In a 9-month period, we fingerprinted and entered into FPC 28,582 large insert bacterial clones. These clones correspond to a variety of mapping projects, including an estimated sevenfold redundant sampling of the C. briggsae genome cloned in fosmids, and PAC and BAC clones spanning >50 Mb of human chromosome 7. Throughput has averaged 893 lanes of data per week since the inception of the effort, including the time for development and implementation of the current protocols. Recent throughput routinely exceeds 1300 lanes per week. The current fingerprinting team consists of five technicians: one full-time employee involved in preparation and digestion of DNA and recordkeeping, two full-time employees performing interactive band calling using the program Image, one full-time employee inoculating 96-well cultures, constructing, and curating glycerol stocks, one half-time contig constructor, and one half-time supervisor. Gel pouring, loading, and postelectrophoresis staining duties are shared by these team members.

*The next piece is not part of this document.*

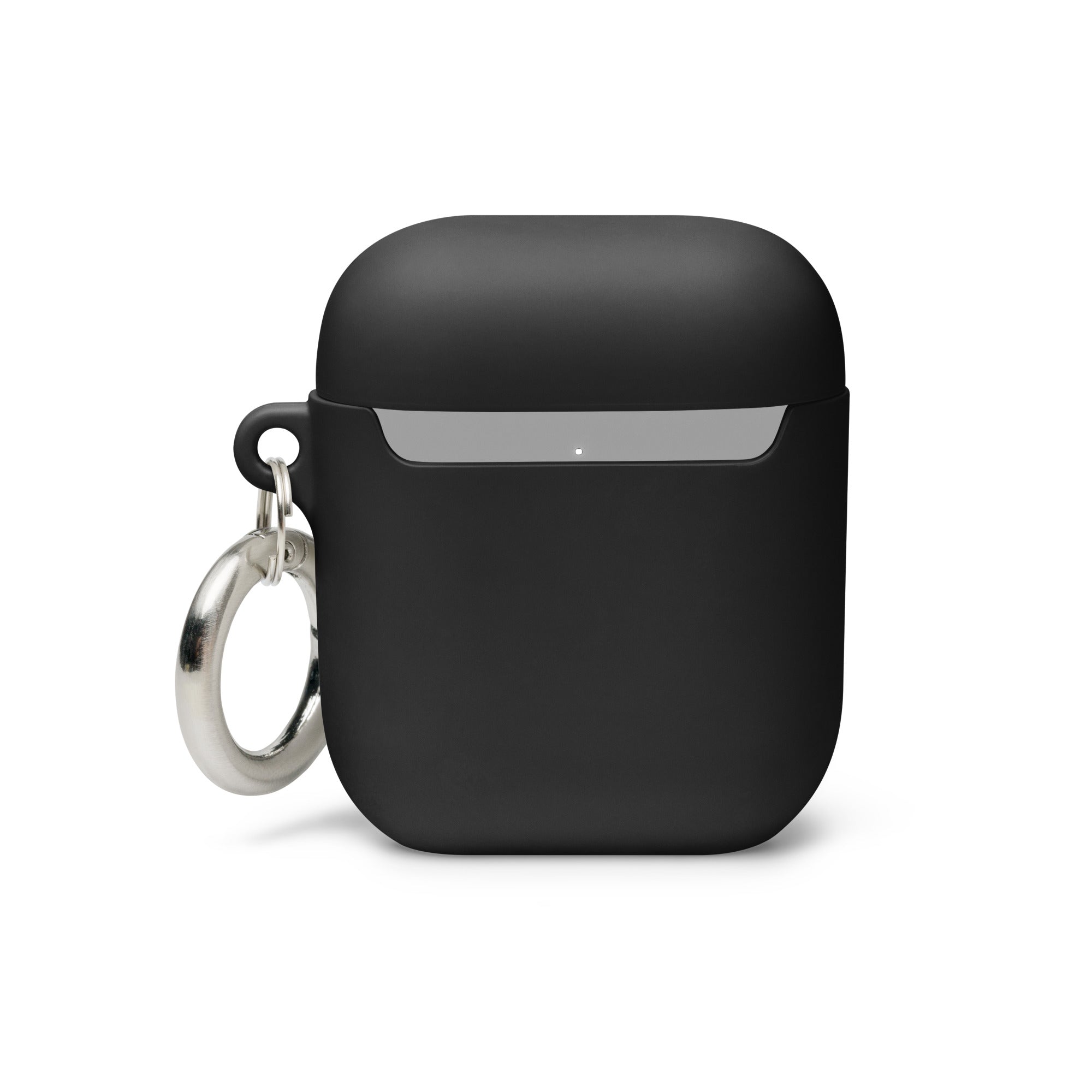 Irish Army - Rubber Case for AirPods®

The high throughput and high quality of the data have provided clones in excess of that required to fuel our current sequencing goals. These features of our method, coupled with inexpensive reagents and stable large-insert clones make fingerprint analysis of large genomic segments eminently feasible.
METHODS
Preparation of DNA
Culture volumes of 1200 μl of 2X YT (Sambrook et al. 1989) containing 12.5 μg/ml of chloramphenicol (Sigma; fosmids and BACs) or kanamycin (Sigma; P1 and PAC clones) or the appropriate quantity of antibiotic for the cosmids under study were inoculated with a single colony from a freshly streaked plate. Cultures were grown in 2-ml 96-well blocks (Beckman; part 140504) for 24 hr at 37°C with agitation at 300 rpm in a Labline incubator shaker. After growth glycerol stocks in 96-well format were prepared by combining 50 μl of 80% glycerol with 100 μl of culture and mixing with a 12-channel pipettor. The microplates were sealed with Scotch brand heavy duty aluminum foil tape and stored at −80°C.

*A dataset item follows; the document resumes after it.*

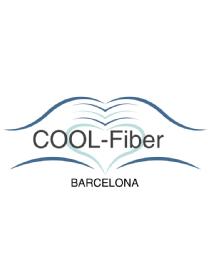 Imagen de COOL-FIBER BARCELONA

Bacterial cell cultures (96-well) were pelleted by centrifugation at 2700 rpm for 15 min in a Jouan model GR-422 floor centrifuge fitted with microplate carriers. The supernatant was decanted away from the pellet, and the 96-well block left inverted on paper towel for 5 min to drain excess culture media. The inverted block was rapped vigorously on fresh paper towel until excess culture media was removed and then placed immediately on ice. Alternatively, after removal of the culture media, blocks were sealed with foil tape and stored at −80°C until DNA preparation.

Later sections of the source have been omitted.